Specifically, according to the Wall Street Journal, the study looked at how people’s behavior changed when they saw a specific number marked down as a required minimum payment on their hypothetical credit card bill:
"A random sample of 591 Americans saw a made up credit-card statement showing a balance of $1,739, and an annual percentage rate of 12%. Some people saw no further information, while others were informed that a minimum payment of 2% of the balance was due."
What they found is that people who did not see any minimum payment number desired to pay a higher amount of their balance — significantly more than 2% — whereas people who were shown the minimum payment number were inclined to pay closer to 2% (meaning they’d be in debt longer).
We can speculate that this is because the 2% amount acts as an anchor in determining what you consider a “reasonable” payment to be.
Maybe you had planned to pay off the balance in 6 months, but since the bank is only asking you for 2% on your credit card statement, you figure that’s the right course of action. After all, they’re your bank, they must know what’s appropriate for you, right?
And that’s how you become the proverbial frog in a pot of boiling water.
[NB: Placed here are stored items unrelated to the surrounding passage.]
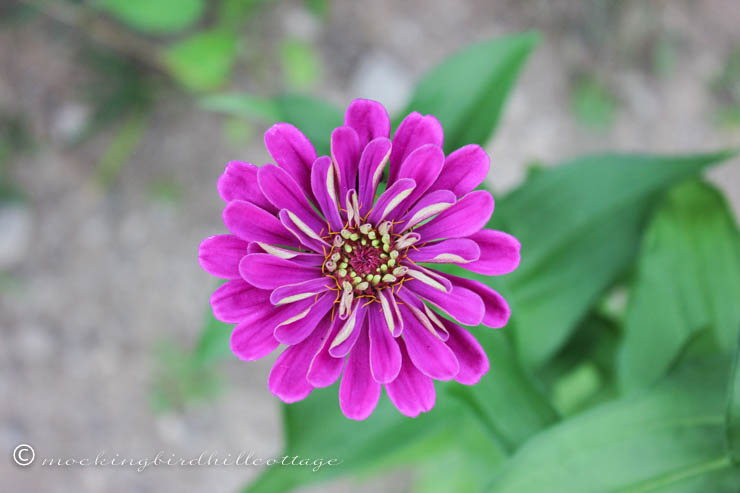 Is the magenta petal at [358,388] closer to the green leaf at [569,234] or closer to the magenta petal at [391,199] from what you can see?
the magenta petal at [391,199]

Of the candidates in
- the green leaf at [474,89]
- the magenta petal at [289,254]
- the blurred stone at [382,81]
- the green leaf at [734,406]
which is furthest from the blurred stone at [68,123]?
the green leaf at [734,406]

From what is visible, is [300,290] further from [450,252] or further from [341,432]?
[341,432]

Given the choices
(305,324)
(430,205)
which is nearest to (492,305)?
(430,205)

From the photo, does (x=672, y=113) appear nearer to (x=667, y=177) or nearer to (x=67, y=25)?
(x=667, y=177)

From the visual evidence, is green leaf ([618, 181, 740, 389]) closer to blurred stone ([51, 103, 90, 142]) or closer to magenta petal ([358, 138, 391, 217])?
magenta petal ([358, 138, 391, 217])

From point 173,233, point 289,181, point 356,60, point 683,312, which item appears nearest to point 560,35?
point 356,60

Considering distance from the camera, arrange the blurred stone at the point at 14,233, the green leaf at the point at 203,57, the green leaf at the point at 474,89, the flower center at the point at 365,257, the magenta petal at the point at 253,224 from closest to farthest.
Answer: the magenta petal at the point at 253,224 < the flower center at the point at 365,257 < the green leaf at the point at 474,89 < the green leaf at the point at 203,57 < the blurred stone at the point at 14,233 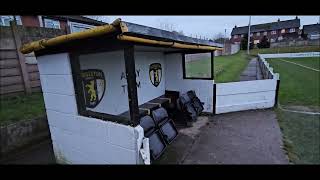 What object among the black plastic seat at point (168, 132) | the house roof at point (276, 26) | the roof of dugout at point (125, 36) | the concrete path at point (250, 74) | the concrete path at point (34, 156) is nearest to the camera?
the roof of dugout at point (125, 36)

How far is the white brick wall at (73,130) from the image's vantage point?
2975 mm

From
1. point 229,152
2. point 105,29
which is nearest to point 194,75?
point 229,152

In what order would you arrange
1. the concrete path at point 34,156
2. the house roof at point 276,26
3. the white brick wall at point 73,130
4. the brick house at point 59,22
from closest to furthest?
the white brick wall at point 73,130, the concrete path at point 34,156, the brick house at point 59,22, the house roof at point 276,26

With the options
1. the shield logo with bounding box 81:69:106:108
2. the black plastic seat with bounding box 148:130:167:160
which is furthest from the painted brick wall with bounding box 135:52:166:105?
the black plastic seat with bounding box 148:130:167:160

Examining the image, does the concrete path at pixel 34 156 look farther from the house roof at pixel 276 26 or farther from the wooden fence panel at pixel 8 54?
the house roof at pixel 276 26

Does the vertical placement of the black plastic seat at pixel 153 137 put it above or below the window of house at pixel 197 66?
below

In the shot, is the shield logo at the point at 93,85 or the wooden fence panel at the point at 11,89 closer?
the shield logo at the point at 93,85

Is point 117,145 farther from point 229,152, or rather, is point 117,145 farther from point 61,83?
point 229,152

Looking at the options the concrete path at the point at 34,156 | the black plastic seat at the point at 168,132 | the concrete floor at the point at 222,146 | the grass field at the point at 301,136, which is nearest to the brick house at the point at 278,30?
the grass field at the point at 301,136

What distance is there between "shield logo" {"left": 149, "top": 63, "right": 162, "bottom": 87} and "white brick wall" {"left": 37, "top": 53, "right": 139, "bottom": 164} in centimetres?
334

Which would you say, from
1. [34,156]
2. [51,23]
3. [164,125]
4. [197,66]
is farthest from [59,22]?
[164,125]

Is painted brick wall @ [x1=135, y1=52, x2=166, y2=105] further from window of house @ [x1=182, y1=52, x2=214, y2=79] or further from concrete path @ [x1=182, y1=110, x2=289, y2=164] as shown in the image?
concrete path @ [x1=182, y1=110, x2=289, y2=164]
You wouldn’t allow the bank to take $1,000 or $5,000 or $10,000 in interest payments from you in one day, but by convincing you to succumb to the minimum payments myth they quietly take that much from you over the course of several years. It happens so gradually that you might barely notice until it’s too late.
What You Can Do About It?
You need to fight this inclination to pay only minimum payments. Add up the dollar amount of the interest you will be paying over the life of the payback period. Realize that all that interest will be coming out of your pocket for no good reason. Ignore the minimum payment, double or triple it and send that amount in every month. Get the thing paid off and don't be a frog.